Elle pensait comme Ron. Le poste était dangereux, et il était hors de question qu'elle perde un nouveau fils cette année.
« Oui. J'ai cru comprendre que sa femme était ravie qu'il trouve un emploi stable après avoir fini son contrat à Gringotts, surtout dans l'état intéressant dans lequel elle se trouve. »
Cette fois, ce fut Hermione qui s'étouffa avec son thé et Ron qui lui tapa le dos :
« Ben dis donc, Hermione, tu ne sais plus boire ? »
La jeune femme reprit son souffle et demanda :
« Fleur est enceinte ? C'est une excellente nouvelle !
- Fleur est enceinte ? Comment tu sais ça ? » lui demanda Ron, perdu. Mrs Weasley ne paraissait pas si surprise, elle devait déjà être dans la confidence. Harry expliqua à Ron :
« Être dans un état intéressant, ça veut dire attendre un bébé. Tu vas être tonton, mon vieux.
- Bill et Fleur comptaient vous l'annoncer dimanche, précisa Mrs Weasley. Mais bon, je suppose qu'il nous annoncera aussi qu'il a accepté un poste à Poudlard.

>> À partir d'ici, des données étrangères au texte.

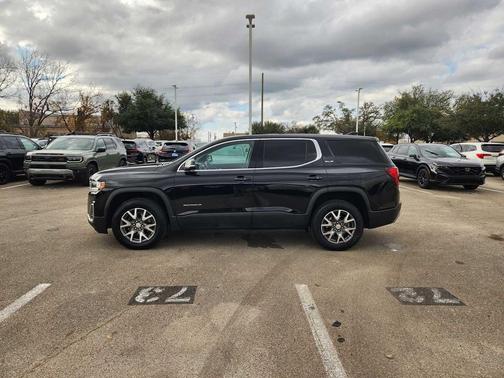 2023 GMC Acadia SLE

- Tout à fait, minauda McGonagall. Je suis fière qu'il soit passé dans ma maison, celui-là. La maison Gryffondor aura toujours produit d'excellents éléments. »

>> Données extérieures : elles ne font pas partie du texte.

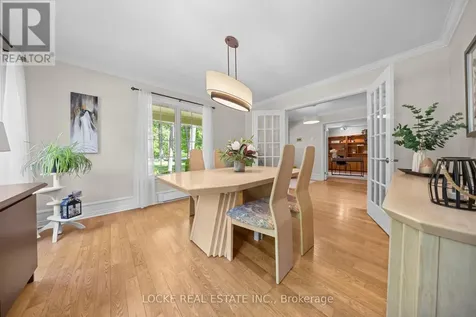 2207 Pleasantview Court Ottawa ON K4C 1H7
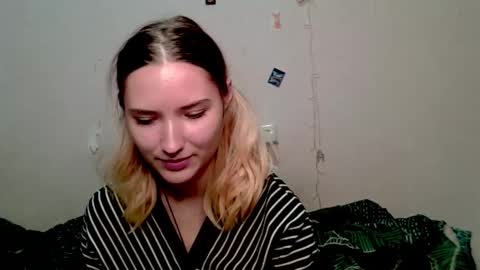 Snapshot of _kikiclark_ chatting on October 15, 8:55 pm _kikiclark_ online show from October 15, 8:55 pm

Le compliment ne passa pas inaperçu pour les trois anciens Gryffondors. La conversation dévia de nouveau.
Harry profitait du moment : ce n'était pas la grande forme, mais cela faisait longtemps qu'il ne s'était pas senti aussi bien. La perspective de repartir à l'aventure, et cela avec la bénédiction de Mrs Weasley et du professeur McGonagall, les deux sorcières qui l'avaient aidé à grandir, lui réchauffait le cœur. Il se laissa bercer par les rayons du soleil, repoussant la petite voix qui lui disait que cet état de grâce ne durerait pas. Le Ministère de la Magie se ferait un plaisir de lui gâcher très rapidement cet état de zénitude qu'il parvenait à atteindre grâce à ses méditations quotidiennes.
Il devrait peut-être refaire une heure de méditation.